Thanks to Bryan Jones, some farmers in northern Florida are trying a new watering system. Jones recommended in an effort to use water more efficiently, have a larger and healthier crop yield, and become more environmentally conscious.
The new system uses a flat hose that fills up with water placed below the soil to irrigate the land. The method is uncomplicated, efficient, and so far successful. So much so that the state of Florida has partially funded some of the systems. Jones himself even got an environmental award from the Ag Commissioner of Florida, Adam Putnam.
This new and inexpensive system, known as the enhanced seepage irrigation system, can save multiple millions of gallons of water on one farm. Instead of watering all day, every day during the two-month peak season, this system generally only needs about eight hours of watering weekly. Benefits include saving on electricity, water and fertilizer, and yielding more crops and healthier crops because of less overwatering.

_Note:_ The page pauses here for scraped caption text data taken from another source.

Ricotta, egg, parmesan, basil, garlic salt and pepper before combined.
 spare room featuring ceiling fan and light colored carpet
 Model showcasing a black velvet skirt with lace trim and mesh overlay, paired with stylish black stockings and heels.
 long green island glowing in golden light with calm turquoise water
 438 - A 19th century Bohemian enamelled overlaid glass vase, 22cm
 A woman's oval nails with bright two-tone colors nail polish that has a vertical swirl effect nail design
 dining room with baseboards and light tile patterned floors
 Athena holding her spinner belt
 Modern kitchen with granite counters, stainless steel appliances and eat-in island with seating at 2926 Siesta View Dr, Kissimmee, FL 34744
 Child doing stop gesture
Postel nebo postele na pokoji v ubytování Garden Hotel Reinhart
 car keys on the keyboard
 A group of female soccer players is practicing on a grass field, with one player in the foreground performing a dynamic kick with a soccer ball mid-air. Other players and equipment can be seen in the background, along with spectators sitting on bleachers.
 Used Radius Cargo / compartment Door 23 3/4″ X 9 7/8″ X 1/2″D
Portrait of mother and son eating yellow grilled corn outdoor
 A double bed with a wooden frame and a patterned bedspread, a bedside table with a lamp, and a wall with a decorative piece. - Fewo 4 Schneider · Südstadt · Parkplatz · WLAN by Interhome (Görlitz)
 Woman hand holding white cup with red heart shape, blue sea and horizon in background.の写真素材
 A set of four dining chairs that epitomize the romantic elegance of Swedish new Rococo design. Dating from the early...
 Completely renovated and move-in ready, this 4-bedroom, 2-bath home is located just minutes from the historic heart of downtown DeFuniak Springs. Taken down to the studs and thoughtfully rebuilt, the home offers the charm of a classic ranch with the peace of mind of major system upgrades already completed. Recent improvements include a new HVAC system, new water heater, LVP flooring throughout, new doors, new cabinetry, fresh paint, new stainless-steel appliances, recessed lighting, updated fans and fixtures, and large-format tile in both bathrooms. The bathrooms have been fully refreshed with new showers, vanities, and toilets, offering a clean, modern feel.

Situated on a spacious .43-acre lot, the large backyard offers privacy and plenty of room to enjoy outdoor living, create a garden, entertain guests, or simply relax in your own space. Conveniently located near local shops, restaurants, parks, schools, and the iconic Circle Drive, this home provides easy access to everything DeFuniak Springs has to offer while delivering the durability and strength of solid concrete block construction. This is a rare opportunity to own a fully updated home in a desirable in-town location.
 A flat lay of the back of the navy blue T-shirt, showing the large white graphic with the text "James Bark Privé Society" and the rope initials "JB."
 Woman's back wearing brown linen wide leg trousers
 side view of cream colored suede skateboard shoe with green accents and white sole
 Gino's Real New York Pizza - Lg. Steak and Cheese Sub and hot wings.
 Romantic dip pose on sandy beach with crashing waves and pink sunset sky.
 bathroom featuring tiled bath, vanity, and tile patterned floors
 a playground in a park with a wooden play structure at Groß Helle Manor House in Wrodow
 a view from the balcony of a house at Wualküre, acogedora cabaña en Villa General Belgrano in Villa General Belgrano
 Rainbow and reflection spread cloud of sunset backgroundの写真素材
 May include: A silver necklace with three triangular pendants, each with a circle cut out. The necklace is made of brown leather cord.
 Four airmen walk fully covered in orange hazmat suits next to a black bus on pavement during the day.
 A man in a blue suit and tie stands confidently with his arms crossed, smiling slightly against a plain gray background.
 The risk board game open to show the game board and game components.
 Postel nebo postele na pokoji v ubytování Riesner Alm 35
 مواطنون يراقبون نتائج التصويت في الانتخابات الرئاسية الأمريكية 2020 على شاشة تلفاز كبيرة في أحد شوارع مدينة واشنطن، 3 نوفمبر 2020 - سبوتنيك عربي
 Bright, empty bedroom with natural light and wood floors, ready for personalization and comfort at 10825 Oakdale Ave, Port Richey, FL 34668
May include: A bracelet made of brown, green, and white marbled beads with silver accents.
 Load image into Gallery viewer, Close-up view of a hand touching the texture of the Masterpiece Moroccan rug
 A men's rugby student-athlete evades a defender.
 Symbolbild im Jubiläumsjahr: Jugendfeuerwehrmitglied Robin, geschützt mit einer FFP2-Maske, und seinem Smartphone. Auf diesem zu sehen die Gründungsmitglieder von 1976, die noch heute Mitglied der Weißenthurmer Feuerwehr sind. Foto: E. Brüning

New technology allows the use of sensors to control flow that can be operated with computers and smartphones. Administrators at the Florida Department of Agriculture are excited about this system and are partnering with the Florida Department of Environmental Protection and Florida growers in a cost-sharing plan.
Some growers might have been leery about the new technology, but after seeing how the seepage system works for other farmers, more growers are following suit. Growers see a guy like Jones excited about it, successfully using it, and encouraging others to use it, and they have to come more likely to jump on board.